Wspomniana wbudowana i w pełni naładowana bateria powinna nam zapewnić około 8-godzinny czas pracy. W praktyce nie ma żadnego problemu z osiągnięciem tego rezultatu. Oprócz baterii we wnętrzu głośnika znalazło się miejsce dla aż 8 (!) głośników. Mamy więc tam 2 głośniki wysokotonowe z miękką kopułką 3/4″, 4 pełnozakresowe głośniki 2″ oraz dwa głośniki nisko tonowe mające jedną, wspólną membranę. System ten nazwany wOOx ma zapewniać głęboki bas z małej powierzchni akustycznej. Moc wyjściowa wszystkich głośników to 20 W (RMS), wartość nie poraża, ale nie zapominajmy – to głośnik przenośny. Aby dostarczyć dźwięk do głośnika możemy oczywiście użyć kabelka mini jack, ale to tylko półśrodek. Większość osób wybierze prawdopodobnie jednak bezprzewodową łączność bluetooth, dzięki której nie będzie żadnego problemu z podpięciem większości smartfonów, czy też komputera lub iPoda nano 7G.
Liczba głośników zastosowanych w tej małej obudowie robi wrażenie. Widać, że Philips przyłożył się do konstrukcji. Co z tego wyszło? W produkcji dźwięku pomaga konstrukcja głośnika, która dzięki zastosowaniu skórzanego etui w formie podstawki pozwala pochylić głośnik pod kątem 45°, a to pozwala na lepszą emisję muzyki. Tony wysokie są bardzo poprawne, trochę może za ciepłe miejscami, ale to cecha charakterystyczna większości głośników Fidelio. Środek wyraźny, dynamiczny i dokładny, ale ze sporymi brakami w przestrzenności. Baza stereo jest dość płytka i choć trudno się dziwić temu w tym typie konstrukcji to jednak pozostaje niedosyt. Soobwoofery, choć to nazwa trochę na wyrost, pracujące w systemie wOOx niestety nie zapewniają potężnego basu. Produkowane niskie tony są dość ciepłe i o ile w przypadku muzyki rock czy jazz nie zauważymy żadnych niedogodności, o tyle fani ostrzejszego grania będą zawiedzeni. Bądźmy jednak precyzyjni – w przenośnym głośniku więcej zrobić się nie da.
Ale czy fan ostrzejszego grania kupi drogi, przenośny głośnik o retro wyglądzie?

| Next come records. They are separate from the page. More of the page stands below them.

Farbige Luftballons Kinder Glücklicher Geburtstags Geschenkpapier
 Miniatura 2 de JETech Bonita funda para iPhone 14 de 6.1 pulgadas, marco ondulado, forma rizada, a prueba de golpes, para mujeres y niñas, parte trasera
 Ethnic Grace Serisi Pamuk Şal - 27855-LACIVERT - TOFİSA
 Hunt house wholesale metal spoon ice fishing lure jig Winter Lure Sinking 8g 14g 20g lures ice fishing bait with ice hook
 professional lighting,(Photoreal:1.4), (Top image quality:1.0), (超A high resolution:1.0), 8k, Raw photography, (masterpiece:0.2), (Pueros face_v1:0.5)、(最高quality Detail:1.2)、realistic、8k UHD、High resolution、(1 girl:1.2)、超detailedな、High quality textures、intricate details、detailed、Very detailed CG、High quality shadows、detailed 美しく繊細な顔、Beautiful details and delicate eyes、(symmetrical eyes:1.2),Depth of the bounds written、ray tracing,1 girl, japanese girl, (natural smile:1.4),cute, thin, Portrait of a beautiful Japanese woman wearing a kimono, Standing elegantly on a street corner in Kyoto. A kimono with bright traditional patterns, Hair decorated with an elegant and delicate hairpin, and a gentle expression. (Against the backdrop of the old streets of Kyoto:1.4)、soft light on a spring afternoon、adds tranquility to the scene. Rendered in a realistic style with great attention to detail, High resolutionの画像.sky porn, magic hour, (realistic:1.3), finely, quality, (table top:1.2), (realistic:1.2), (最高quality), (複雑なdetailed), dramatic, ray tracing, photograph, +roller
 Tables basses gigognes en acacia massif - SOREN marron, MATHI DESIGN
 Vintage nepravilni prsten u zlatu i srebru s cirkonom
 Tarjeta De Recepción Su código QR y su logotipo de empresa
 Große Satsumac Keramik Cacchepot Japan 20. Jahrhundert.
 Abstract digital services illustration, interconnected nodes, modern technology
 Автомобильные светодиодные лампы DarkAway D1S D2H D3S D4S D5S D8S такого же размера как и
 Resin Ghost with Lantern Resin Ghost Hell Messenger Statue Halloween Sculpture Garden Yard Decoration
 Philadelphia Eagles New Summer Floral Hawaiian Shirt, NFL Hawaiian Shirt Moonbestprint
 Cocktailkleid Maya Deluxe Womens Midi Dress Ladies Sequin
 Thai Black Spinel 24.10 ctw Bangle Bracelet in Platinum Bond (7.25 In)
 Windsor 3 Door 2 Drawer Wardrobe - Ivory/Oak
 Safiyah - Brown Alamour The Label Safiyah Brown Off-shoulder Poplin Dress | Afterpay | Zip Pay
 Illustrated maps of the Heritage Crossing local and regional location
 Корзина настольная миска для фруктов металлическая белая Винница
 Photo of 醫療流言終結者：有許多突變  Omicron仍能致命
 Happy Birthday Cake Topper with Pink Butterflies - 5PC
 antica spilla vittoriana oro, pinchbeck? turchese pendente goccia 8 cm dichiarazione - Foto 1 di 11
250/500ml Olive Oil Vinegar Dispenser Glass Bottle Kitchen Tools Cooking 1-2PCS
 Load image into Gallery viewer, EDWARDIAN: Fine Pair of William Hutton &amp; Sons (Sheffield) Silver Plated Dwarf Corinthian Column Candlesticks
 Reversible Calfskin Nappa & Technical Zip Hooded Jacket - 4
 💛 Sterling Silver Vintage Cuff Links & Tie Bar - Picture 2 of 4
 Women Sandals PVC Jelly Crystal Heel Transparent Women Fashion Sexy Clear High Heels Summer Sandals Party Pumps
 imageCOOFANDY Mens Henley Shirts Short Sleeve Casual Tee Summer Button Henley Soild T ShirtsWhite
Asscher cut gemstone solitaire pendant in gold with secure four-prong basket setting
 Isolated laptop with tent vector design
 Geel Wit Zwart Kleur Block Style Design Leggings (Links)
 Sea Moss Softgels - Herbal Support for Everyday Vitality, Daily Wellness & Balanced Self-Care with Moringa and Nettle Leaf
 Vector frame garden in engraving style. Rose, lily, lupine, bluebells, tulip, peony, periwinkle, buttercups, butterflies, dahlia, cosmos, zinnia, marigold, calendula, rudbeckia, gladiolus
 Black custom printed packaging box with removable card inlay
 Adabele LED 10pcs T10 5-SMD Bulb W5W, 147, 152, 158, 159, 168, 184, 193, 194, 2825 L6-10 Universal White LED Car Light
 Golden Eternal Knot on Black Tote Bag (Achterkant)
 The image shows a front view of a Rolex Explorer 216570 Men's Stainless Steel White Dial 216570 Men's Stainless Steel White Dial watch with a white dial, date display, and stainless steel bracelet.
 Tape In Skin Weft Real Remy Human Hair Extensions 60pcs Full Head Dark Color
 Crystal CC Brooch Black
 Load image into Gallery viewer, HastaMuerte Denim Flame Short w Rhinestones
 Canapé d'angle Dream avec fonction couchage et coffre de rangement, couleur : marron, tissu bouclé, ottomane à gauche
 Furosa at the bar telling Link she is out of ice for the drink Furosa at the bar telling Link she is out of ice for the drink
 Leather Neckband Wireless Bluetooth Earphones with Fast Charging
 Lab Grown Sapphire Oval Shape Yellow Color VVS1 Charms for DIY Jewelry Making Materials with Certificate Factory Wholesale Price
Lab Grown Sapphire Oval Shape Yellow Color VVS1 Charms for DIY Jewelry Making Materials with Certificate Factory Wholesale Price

Nie sądzę. Grupa docelowa to osoby podróżujące klasą biznes i chcące mieć dobry dźwięk w pokoju hotelowym. Fidelio P9 będzie doskonale pasował do walizki Prady, obok szali Burberry. Dzięki szlachetnym materiałom, z których jest zbudowany, nie będzie drażnił gustów osób przywykłych do odrobiny luksusu.
Dane techniczne
Moc wyjściowa (RMS): 20 W
Przetworniki głośn.: 2 głośniki wysokotonowe, 4 pełnozakresowe głośniki 2″, 2 niskotonowe wOOx
Wejście dźwięku: minijack, bluetooth
Czas pracy na zasilaniu akumulatorowym: 8 godz.